= Beginning of Section =
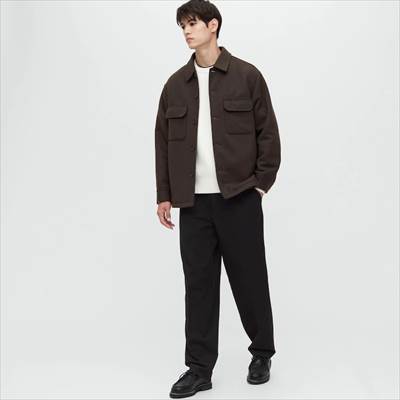 ユニクロの2022年新作・タックテーパードパンツ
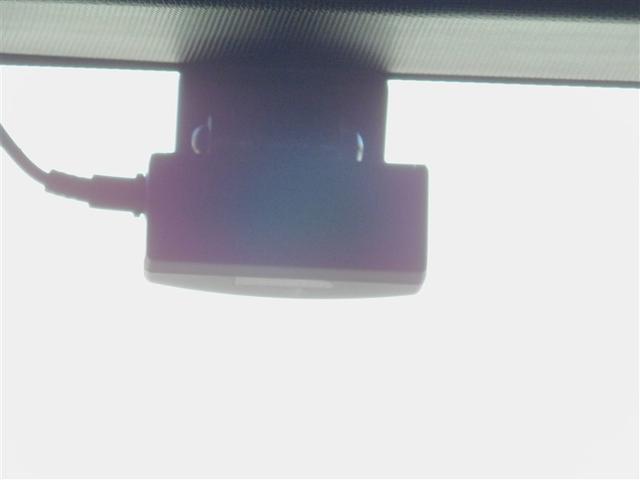 ヴォクシー ハイブリッドＺＳ　煌ＩＩ　３列シ－ト　キーフリー　ＥＴＣ車載器　ドラレコ付き　ウォークスルー　フルセグテレビ　ＬＥＤヘッドライト　デュアルエアコン　スマートキー　定期点検記録簿　ＡＵＸ　アルミ　メモリーナビゲーション　クルコン（17枚目）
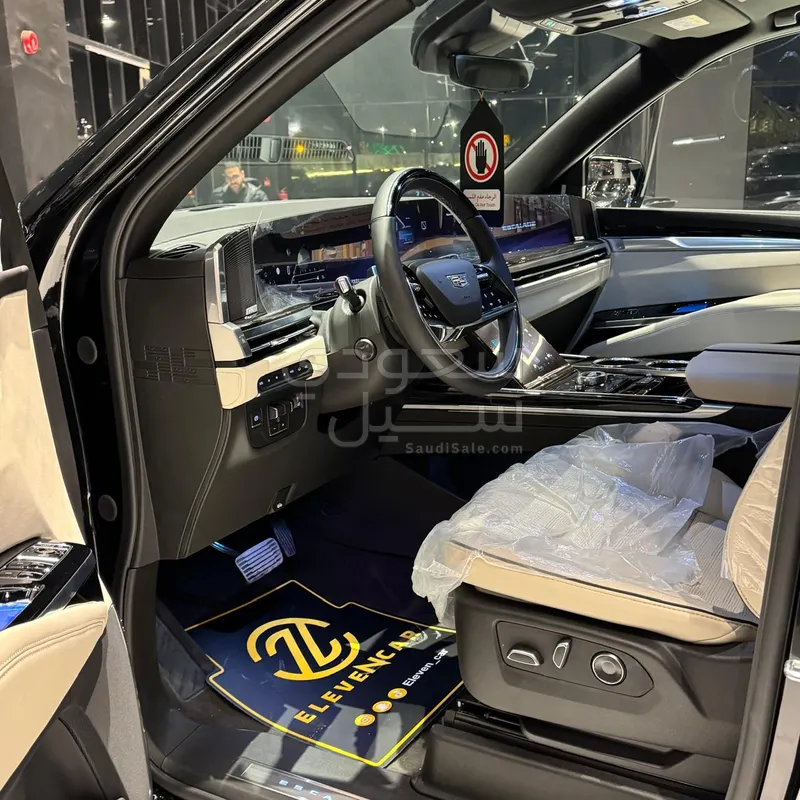 2025 كاديلاك اسكاليد إي إس في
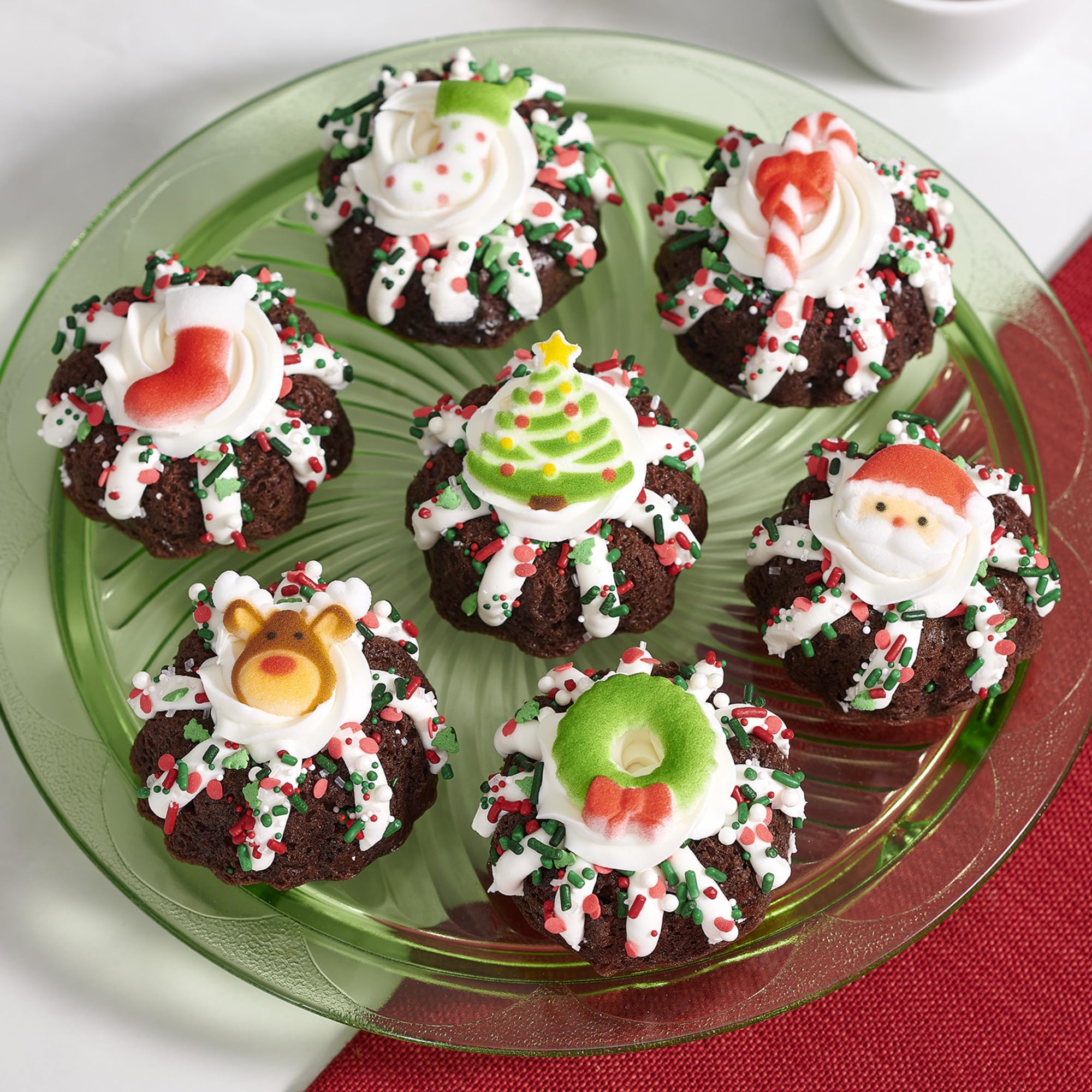 DECOPAC Christmas Fusion Mix Candy Sprinkles, 26oz, Fancy Sprinkles in Handheld Container, Festive Edible Sprinkles For Holiday Celebration Cakes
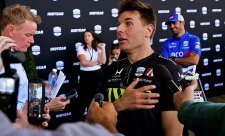 Will Power na úvod v Long Beach na čele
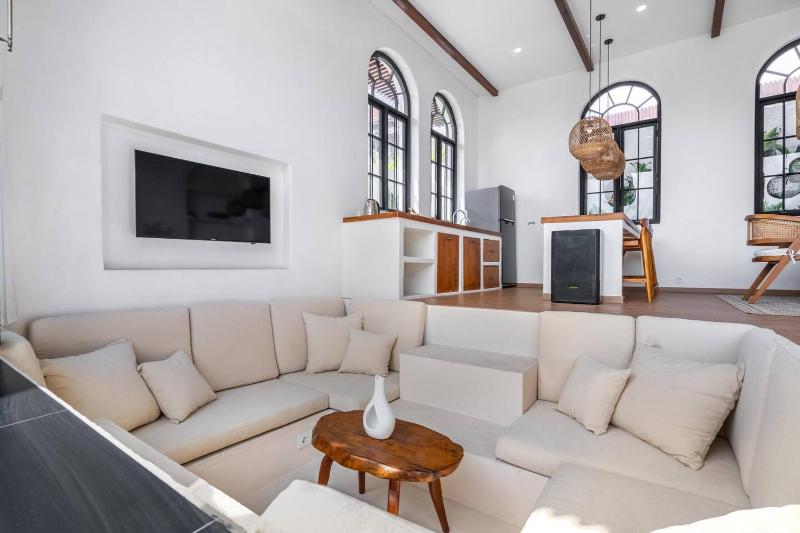 Palm Sugar Villa - Stylish 3BR Retreat with Pool - image 12
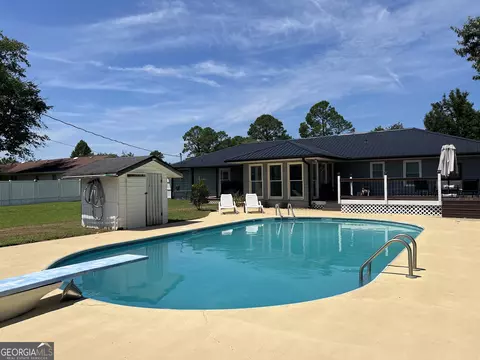 Exterior - 407 Oasis Dr, Dublin, GA 31021 photo 10 of 12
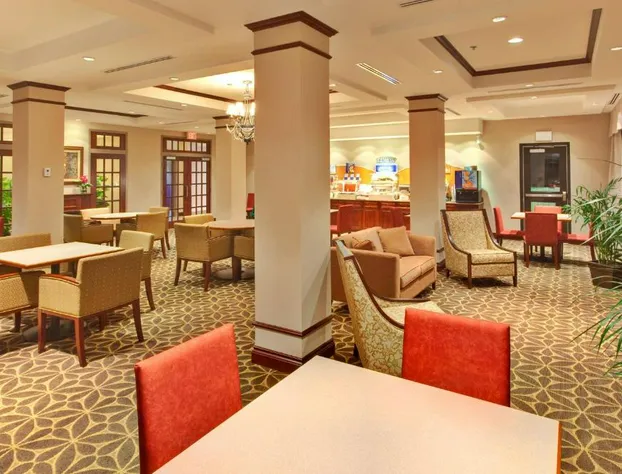 Holiday Inn Express Hotel & Suites Brockville by IHG hotel detail image 2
= End of Section =
◆ Work instructions ◆
Leave the images out and give the rest of the data again exactly.

◆ Task response ◆
 ユニクロの2022年新作・タックテーパードパンツ
 ヴォクシー ハイブリッドＺＳ　煌ＩＩ　３列シ－ト　キーフリー　ＥＴＣ車載器　ドラレコ付き　ウォークスルー　フルセグテレビ　ＬＥＤヘッドライト　デュアルエアコン　スマートキー　定期点検記録簿　ＡＵＸ　アルミ　メモリーナビゲーション　クルコン（17枚目）
 2025 كاديلاك اسكاليد إي إس في
 DECOPAC Christmas Fusion Mix Candy Sprinkles, 26oz, Fancy Sprinkles in Handheld Container, Festive Edible Sprinkles For Holiday Celebration Cakes
 Will Power na úvod v Long Beach na čele
 Palm Sugar Villa - Stylish 3BR Retreat with Pool - image 12
 Exterior - 407 Oasis Dr, Dublin, GA 31021 photo 10 of 12
 Holiday Inn Express Hotel & Suites Brockville by IHG hotel detail image 2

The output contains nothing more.